U.K. commercial real estate values fell for the seventh straight month in May as Britain’s economy weakened, Investment Property Databank Ltd. said.
The average value of stores, offices and warehouses declined 0.5 percent from April, led by retail properties, IPD said in a statement today. Total return, which combines the change in real-estate values and rental income, was zero for May, compared with 0.2 percent in April.
“Total return has fallen to its lowest level since June 2009, which is bleak reading for an industry still struggling with refinancing,” Phil Tily, a managing director at London-based IPD, said in the statement.
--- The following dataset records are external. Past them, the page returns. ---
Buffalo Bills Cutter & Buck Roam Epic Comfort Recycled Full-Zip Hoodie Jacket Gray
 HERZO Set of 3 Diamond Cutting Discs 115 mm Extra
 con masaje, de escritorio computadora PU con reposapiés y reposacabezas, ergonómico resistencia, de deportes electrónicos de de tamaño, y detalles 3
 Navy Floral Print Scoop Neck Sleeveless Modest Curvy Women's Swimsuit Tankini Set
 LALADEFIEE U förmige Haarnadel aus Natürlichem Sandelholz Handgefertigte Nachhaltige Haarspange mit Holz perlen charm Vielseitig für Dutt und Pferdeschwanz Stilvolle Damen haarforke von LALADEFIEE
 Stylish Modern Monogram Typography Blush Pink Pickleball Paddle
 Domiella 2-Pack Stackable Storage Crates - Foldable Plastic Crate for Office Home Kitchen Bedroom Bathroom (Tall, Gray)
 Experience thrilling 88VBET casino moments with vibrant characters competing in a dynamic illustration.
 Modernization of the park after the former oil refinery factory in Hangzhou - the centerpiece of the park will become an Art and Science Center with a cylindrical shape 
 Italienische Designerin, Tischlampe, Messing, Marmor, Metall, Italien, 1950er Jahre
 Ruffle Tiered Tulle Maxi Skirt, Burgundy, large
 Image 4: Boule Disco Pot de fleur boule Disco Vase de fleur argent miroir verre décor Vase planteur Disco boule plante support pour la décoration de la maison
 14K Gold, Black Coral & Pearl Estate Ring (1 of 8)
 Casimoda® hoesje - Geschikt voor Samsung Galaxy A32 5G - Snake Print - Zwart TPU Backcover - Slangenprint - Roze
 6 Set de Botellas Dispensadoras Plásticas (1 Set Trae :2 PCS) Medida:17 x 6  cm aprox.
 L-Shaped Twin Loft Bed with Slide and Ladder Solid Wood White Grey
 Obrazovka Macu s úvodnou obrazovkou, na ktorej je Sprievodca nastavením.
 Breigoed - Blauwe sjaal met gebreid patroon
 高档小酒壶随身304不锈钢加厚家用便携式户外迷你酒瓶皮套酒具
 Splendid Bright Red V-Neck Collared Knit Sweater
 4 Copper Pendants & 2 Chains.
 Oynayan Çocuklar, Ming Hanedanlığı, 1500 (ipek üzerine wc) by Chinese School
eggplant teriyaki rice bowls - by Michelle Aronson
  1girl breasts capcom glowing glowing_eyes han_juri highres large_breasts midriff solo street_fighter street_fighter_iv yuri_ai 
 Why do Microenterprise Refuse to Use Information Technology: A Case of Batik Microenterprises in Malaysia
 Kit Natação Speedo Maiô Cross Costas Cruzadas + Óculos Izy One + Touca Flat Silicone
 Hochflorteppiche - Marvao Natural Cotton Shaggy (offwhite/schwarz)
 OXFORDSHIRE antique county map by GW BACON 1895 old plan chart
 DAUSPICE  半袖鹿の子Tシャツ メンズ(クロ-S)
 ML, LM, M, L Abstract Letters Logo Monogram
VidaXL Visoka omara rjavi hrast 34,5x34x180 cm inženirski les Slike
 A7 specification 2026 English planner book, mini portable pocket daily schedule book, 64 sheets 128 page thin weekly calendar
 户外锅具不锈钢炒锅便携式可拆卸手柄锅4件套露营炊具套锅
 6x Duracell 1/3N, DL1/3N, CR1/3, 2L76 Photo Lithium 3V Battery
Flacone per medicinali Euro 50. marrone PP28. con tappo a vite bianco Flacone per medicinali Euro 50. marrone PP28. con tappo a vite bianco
Total return over the 12 months through May was 5.4 percent.
The worsening sovereign-debt crisis in Europe is casting a “long shadow” over Britain’s economy, Bank of England Governor Mervyn King said last week. The slowdown has caused shops to close and business owners to defer decisions on leasing office buildings and warehouses, adversely affecting returns for investors.
The value of office properties leased to companies in the City of London financial district rose 0.9 percent and West End properties in the U.K. capital rose 0.3 percent in May.
“The fact that London can continue to grow, even in such difficult times, lends cheer to an otherwise challenged marketplace,” Tily said.
The IPD index was compiled from appraisals of 3,602 properties worth 33.4 billion pounds ($52 billion) at the end of May.